そんな彼女がデビュー40周年の節目に、ニューアルバム『New Beautiful』を発表した。鈴木慶一、ポータブル・ロック、高浪慶太郎(元ピチカート・ファイヴ)といった過去のキーパーソンを始め、横山剣からGLIM SPANKYまで幅広い人脈が新曲を提供。さらには、Night Tempo、Phum Viphurit(プム・ヴィプリット)、Rainych(レイニッチ)&evening cinemaといったアジアの音楽家たちと“World Tour Mix”と題してコラボレートしたセルフカバーまで収録されている。この40年を総括しつつも、新しいトライが盛り込まれ、未来を見据えた作品に仕上がったといえるだろう。
野宮真貴はなぜこのような作品を作り上げたのか、そしてこの後はどこに向かうのかを語ってもらった。(栗本斉)
40年を経たからこそ生まれた「最新型の野宮真貴」
ーーデビュー40周年とは驚きです。
野宮真貴(以下、野宮):本当にびっくりですね(笑)。
ーーここ10年くらいの間は“渋谷系”スタンダード化計画というコンセプトで、リリースやライブも精力的に行っていらっしゃいますが、新作『New Beautiful』はどういう流れで始まったのですか。
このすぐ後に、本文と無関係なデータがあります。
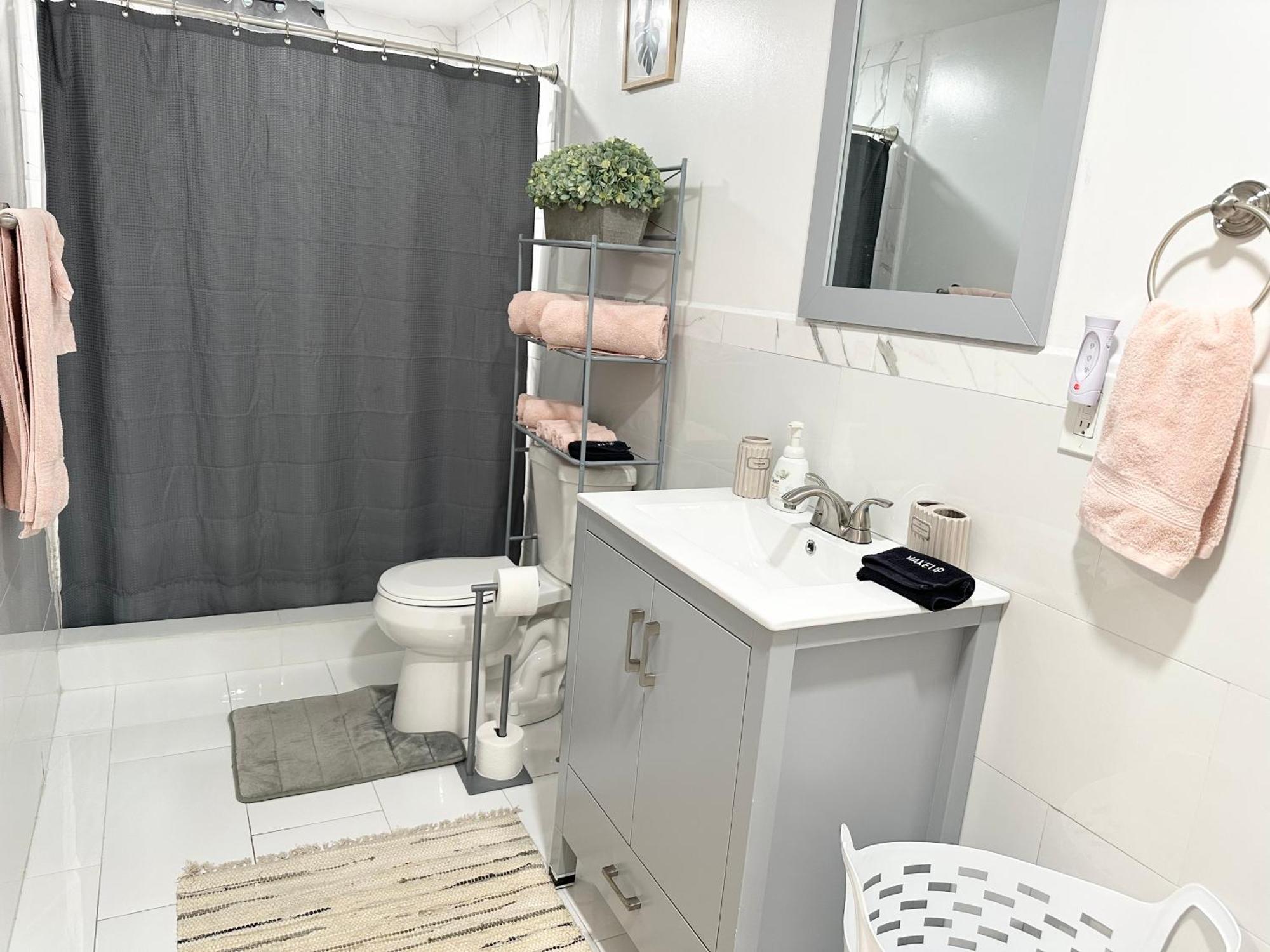New! Bluestone Getaway In Christiansted Usvi ! Lejlighed Eksteriør billede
野宮:よくライブで「60歳まで歌う」って宣言していたんですが、2年前に還暦ライブをやってみたらまだまだ歌えそうだなって。それで、40年前にソロデビューした<ビクターエンタテインメント>に「40周年なのでアルバム出したいんですけど」と相談したところから始まりました。
ーーここ最近の作品とはまた違って、かなり新鮮な印象がありました。
野宮:ここしばらくは90年代の渋谷系の楽曲を歌い継ぐ企画がメインだったので、久しぶりにオリジナル曲を歌いたいなって思ったんです。それで、この40年間に関わっていただいた方に、「曲を書いてください」ってお願いしました。改めて40周年を迎えた今の私に向けて書いていただいたので、40年を振り返るというよりは、40年という時を経たからこそ生まれた「最新型の野宮真貴」なんです。
ーーたしかに、冒頭にはピチカート・ファイヴ時代のセルフカバーが3曲収められていますが、海外のミュージシャンとのコラボレーションというこれまでにないスタイルですね。
野宮:これはスタッフからのアイデアでもあったのですが、音楽の聴かれ方もずいぶん変わってきたし、海外の方も含めて、これまでのファンだけでなくて若い世代にも楽曲の良さを再発見してもらいたいという気持ちがありました。それで、“World Tour Mix”という企画で、SNS界でも話題の海外のクリエイターの方に料理してもらったんです。
ーー韓国のNight Tempo、タイのPhum Viphurit、インドネシアのRainychと日本のevening cinema、ユニークな人選になりましたが、彼らにはどういうリクエストをしたのですか。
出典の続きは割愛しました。